▸ **What you have to do**: Using the records that follow, copy every line containing the word "certain".

(Stored data entries)

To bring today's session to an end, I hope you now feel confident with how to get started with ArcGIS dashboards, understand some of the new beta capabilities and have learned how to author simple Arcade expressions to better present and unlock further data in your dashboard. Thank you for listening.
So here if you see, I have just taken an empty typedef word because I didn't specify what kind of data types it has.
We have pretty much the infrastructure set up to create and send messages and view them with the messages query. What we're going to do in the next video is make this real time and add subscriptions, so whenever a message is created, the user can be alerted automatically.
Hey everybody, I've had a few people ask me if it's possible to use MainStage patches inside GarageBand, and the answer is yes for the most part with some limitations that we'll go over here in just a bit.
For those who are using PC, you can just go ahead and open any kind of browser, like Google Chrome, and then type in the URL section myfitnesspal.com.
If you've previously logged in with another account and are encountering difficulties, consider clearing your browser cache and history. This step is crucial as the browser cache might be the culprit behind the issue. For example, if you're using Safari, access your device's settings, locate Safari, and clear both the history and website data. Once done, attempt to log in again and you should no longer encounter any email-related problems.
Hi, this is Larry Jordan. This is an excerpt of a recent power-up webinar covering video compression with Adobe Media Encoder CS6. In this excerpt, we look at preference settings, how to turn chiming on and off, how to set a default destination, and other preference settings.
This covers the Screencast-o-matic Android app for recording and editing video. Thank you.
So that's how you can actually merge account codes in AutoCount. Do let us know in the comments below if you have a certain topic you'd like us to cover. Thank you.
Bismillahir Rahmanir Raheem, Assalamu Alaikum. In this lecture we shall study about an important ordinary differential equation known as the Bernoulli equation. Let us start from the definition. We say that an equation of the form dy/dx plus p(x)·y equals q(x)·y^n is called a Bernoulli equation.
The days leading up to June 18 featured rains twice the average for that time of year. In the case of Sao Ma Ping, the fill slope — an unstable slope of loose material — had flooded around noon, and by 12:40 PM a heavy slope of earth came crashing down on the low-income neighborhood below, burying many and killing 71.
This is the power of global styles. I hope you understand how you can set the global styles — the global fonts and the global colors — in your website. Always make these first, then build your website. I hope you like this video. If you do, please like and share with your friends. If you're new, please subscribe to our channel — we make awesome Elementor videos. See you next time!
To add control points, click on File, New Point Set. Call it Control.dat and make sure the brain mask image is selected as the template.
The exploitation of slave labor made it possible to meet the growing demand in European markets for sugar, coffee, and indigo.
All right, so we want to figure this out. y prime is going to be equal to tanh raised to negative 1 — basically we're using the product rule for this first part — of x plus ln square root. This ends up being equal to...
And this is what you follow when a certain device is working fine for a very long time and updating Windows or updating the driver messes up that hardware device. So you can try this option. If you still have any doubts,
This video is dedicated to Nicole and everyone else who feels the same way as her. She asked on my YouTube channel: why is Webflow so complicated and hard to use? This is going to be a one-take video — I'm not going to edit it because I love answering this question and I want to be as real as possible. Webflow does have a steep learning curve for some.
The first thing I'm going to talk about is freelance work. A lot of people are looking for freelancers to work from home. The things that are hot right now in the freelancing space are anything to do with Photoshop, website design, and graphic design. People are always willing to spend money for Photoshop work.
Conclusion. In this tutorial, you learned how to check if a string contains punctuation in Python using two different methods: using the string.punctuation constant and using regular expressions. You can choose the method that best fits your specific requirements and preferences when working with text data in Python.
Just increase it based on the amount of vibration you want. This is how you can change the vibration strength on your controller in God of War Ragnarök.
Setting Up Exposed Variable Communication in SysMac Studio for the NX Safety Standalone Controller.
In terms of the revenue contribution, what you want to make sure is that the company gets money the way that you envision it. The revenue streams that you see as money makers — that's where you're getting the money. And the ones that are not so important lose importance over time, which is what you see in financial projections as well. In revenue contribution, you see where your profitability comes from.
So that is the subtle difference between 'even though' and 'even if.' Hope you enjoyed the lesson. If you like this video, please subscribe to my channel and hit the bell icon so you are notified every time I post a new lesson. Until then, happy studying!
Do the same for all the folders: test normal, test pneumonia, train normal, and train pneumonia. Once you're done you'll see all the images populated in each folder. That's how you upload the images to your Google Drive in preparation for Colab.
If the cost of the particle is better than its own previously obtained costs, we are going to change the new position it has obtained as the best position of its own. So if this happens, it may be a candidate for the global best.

▸ **Result for this task**:
So that's how you can actually merge account codes in AutoCount. Do let us know in the comments below if you have a certain topic you'd like us to cover. Thank you.
And this is what you follow when a certain device is working fine for a very long time and updating Windows or updating the driver messes up that hardware device. So you can try this option. If you still have any doubts,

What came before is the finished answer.